1975'de bir grup öğrenci baktılar herkes kendine has yol çiziyor Çayan'ın fikirlerini hiç değiştirmeden faaliyetlere devam ettiler. Bu konuda THKP-C Acilciler'e benzerler.
işte bu grup THKP-C/MLSPB yani Türkiye Halk Kurtuluş Partisi-Cephesi/Marksist-Leninist Silahlı Propaganda Birlikleri idi.
Hiçbir zaman büyük bir kitleselliğe sahip olamadılar ama öyle radikal ve sürekli eylemler yaptılar ki 12 Eylül öncesi düşük kitleselliğe rağmen en taşaklı ve güçlü örgüt oldular.
Üstelik harika banka soyarlardı. 4.000.000 lirayı (bilinen) soygunlardan elde etmişlerdi. Hatta yanılmıyorsam Türkiye'de yapılan en yüksek meblağlı soygunu yapanlarda onlardı ama sonra o parayı kaptırdılar yani o sayılmaz.
Birde dediğim gibi hiçbir değişiklik yapmadıkları için kimisi şabloncu gözüyle baktı onlara, kimisi farklı bir şeyler dedi.
Ha bu arada Türkiye'nin
raf'si derlerdi bu çocuklara.
Ama bu kadar iyi özellikelre yakışmayan bir şekilde bir örgüt üst düzeyinin itirafçılığı yüzünden bayağı (hemde bayağı) kan kaybetmişlerdir.
Düşünün 12 Eylül öncesi en etkin ve tehlikeli örgütlerdenken, 12 Eylül sonrası Türkiye'deki son eylemleri 1981'de yapıldı.
1981!!!
34 yıl önce Türkiye'deki son eylemlerini yaptılar.

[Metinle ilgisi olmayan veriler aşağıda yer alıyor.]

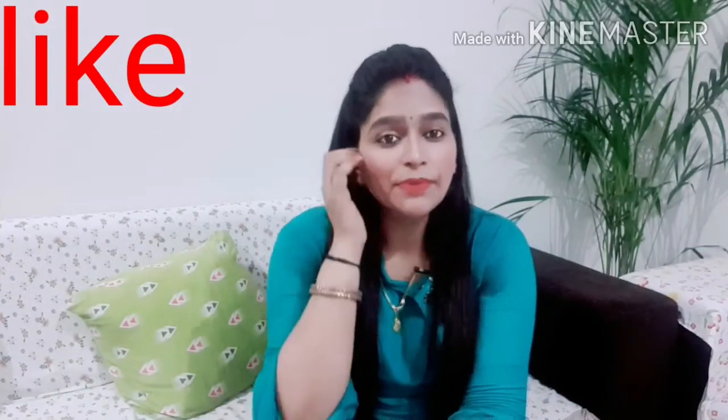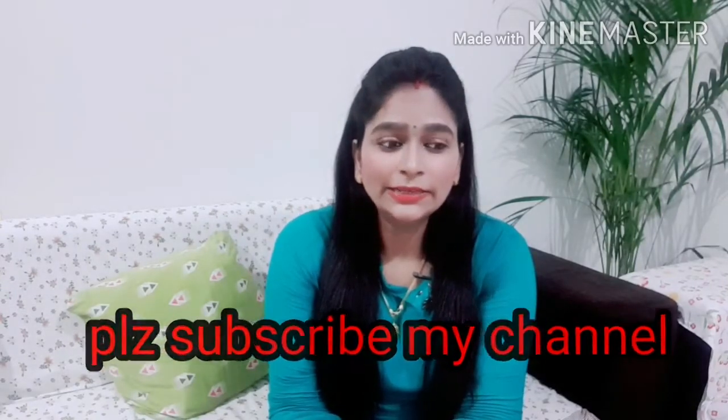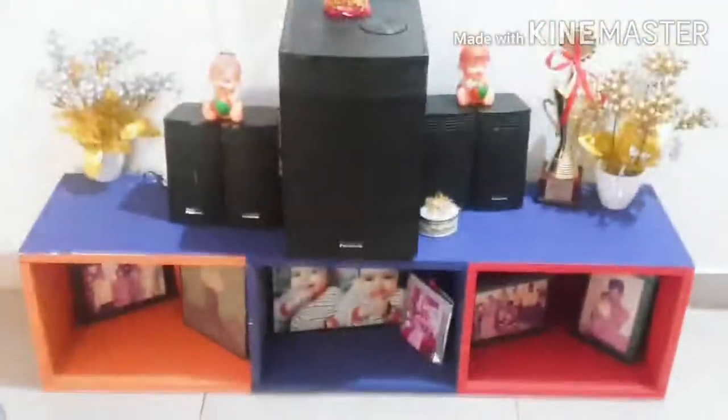If you like this video, please like it and subscribe to the channel. So, in just minutes, I took an old unit — it was a corner table — I did a DIY and created a table crate, and used it as my TV unit. Let me show you how I reused it.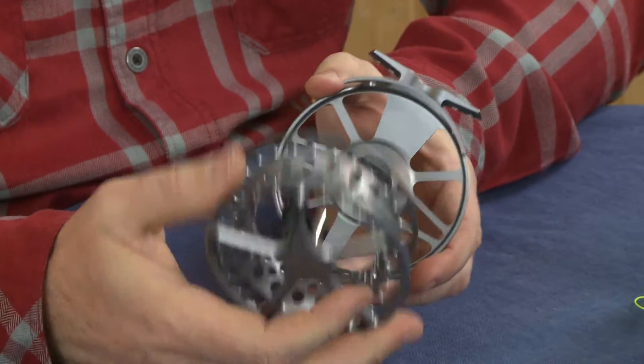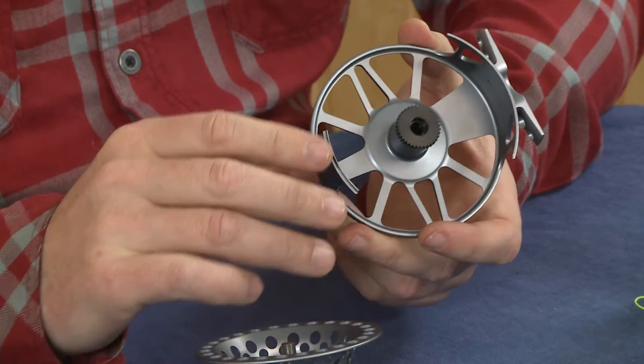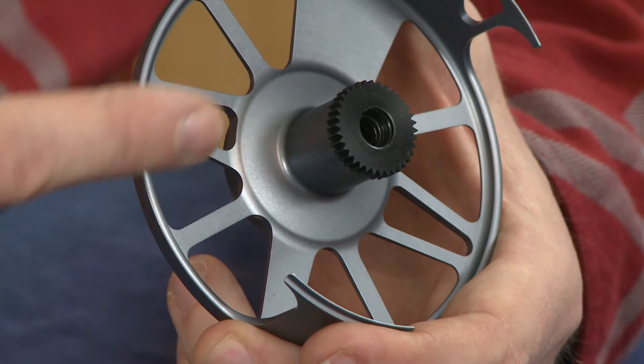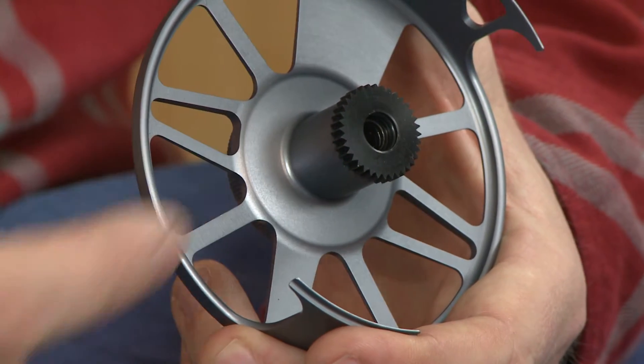The system to remove the spool is the same — just pressure. What's really changed compared to the previous models is the drag cassette here is built into the housing, so this means even fewer parts than all the previous models, so even more functionality with less parts. This means less contact, less weight, and more stability overall.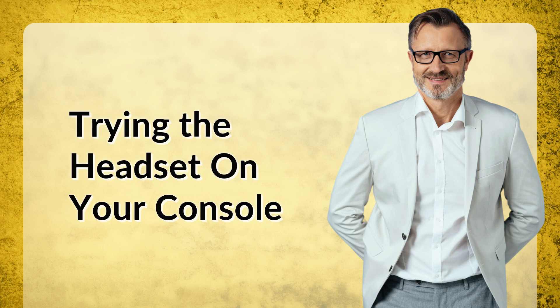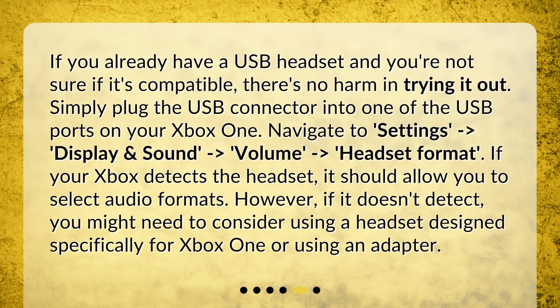Trying the headset on your console: if you already have a USB headset and you're not sure if it's compatible, there's no harm in trying it out. Simply plug the USB connector into one of the USB ports on your Xbox One. Navigate to Settings, then Display and Sound, then Volume, then Headset Format. If your Xbox detects the headset, it should allow you to select audio formats. However, if it doesn't detect, you might need to consider using a headset designed specifically for Xbox One or using an adapter.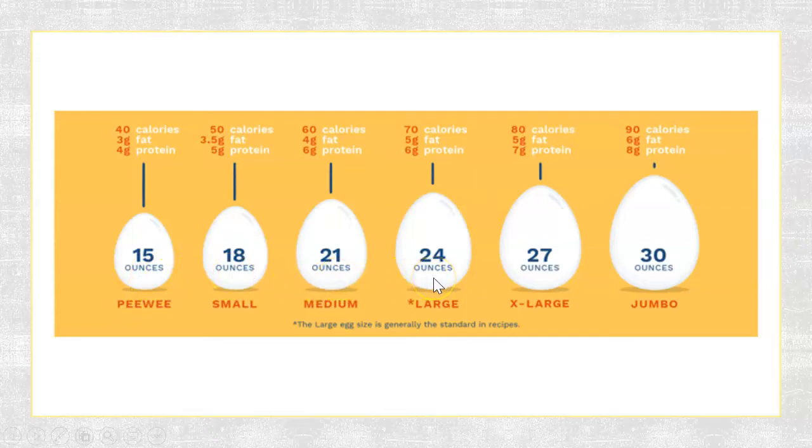The most common ones, and probably the eggs you have in your refrigerator right now, are large eggs, which are 24 ounces for a dozen, going all the way up to jumbo eggs at 30 ounces. For most recipes, when it calls for two eggs to be added to make something, typically they're referring to large eggs, and that's what the recipe is geared towards. So that's a little bit about how we size eggs that are sold in the grocery store.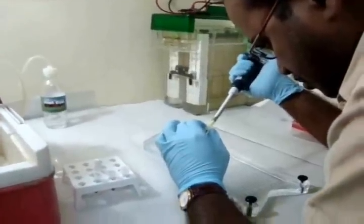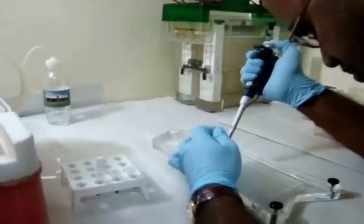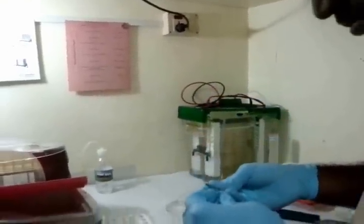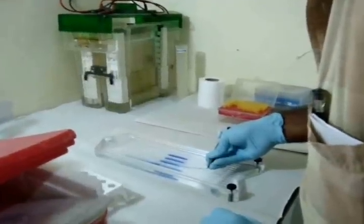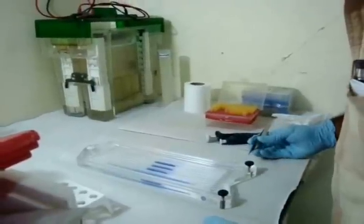The first step is IPG strip rehydration. The rehydration stock solution is prepared and the IPG buffer is added to it. The protective cover is removed from the 18 cm IPG strip, and the IPG strip is positioned with the gel side down. The lid is slid onto the reswelling tray.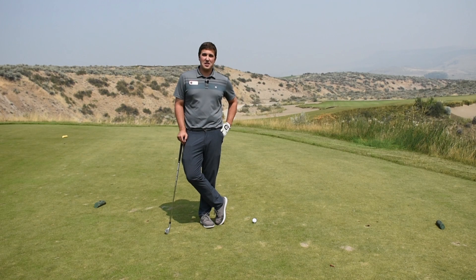Hey everyone, welcome back to the Monday Mulligan segment. I'm Luke Littrell, PGA head golf professional here at Gamble Sands.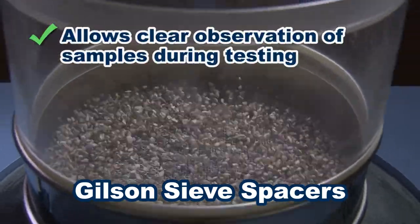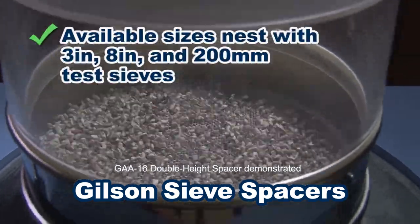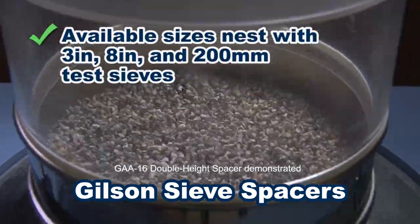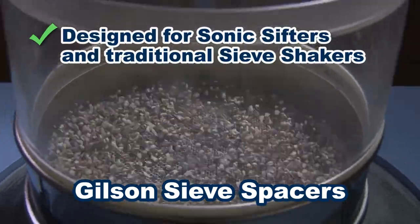Gilson sieve spacers provide a clear space for viewing sieving action of sample material, or ensure proper stack height when fewer sieves are required for those special testing applications.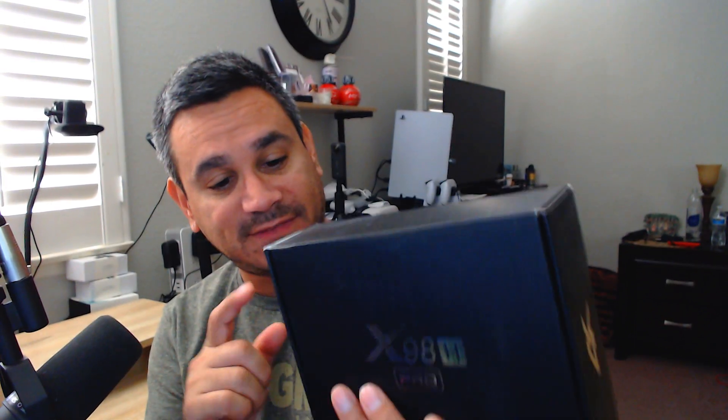Welcome back. Today we are looking at the X95H Pro streaming device. If you're brand new to the channel, make sure you consider subscribing. Leave a comment below if you've tested anything like this — I'm curious to see how well this device performs. Make sure you're subscribed and let's check it out.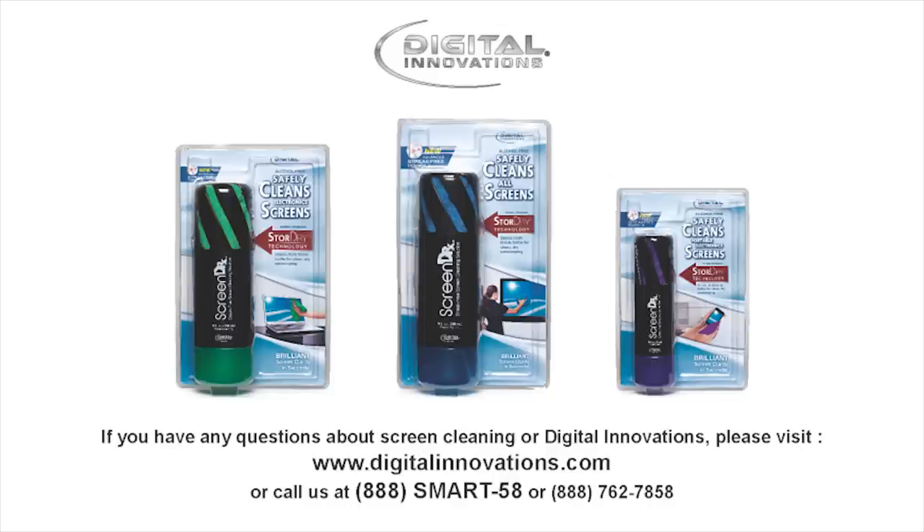Thank you for viewing this instructional video. If you have any questions about screen cleaning or about any Digital Innovations product, please visit www.digitalinnovations.com or call us at 888-SMART-58.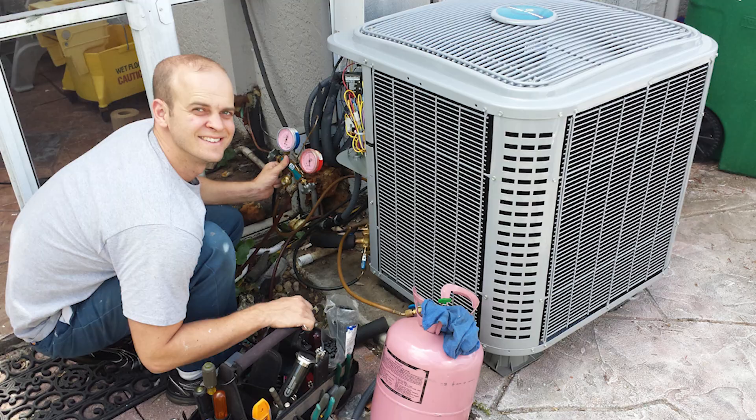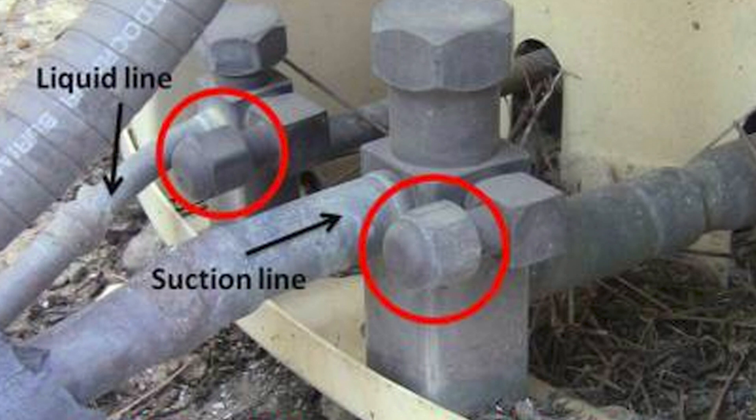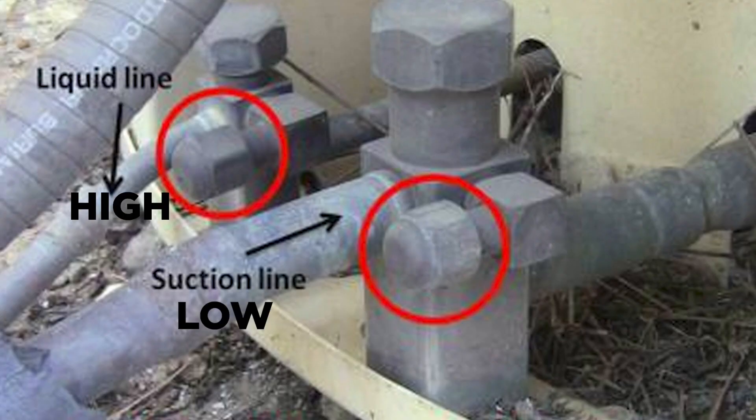You can go outside to your AC condensing unit. There are two copper lines coming out of your air conditioning unit that most likely go into the outside wall of your house. One is a fat line and one is a skinny line. The fat line is called your suction line, and the skinny line is your liquid line. It's also called your high side and low side — the fat line is the suction line or low side, and the skinny line is the high side or liquid line.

Şimdi tekrar teşkilatlanmaya falan gittiler ama yemez yani. Rojava'da birkaç militanları var, gençlik örgütlerinde örgütlenmeye falan çalışıyorlar. Ama gibsen öyle eskisi gibi olamazlar. Eskisini geçtim, ciddiye alınabilecek bir örgüt zor olurlar.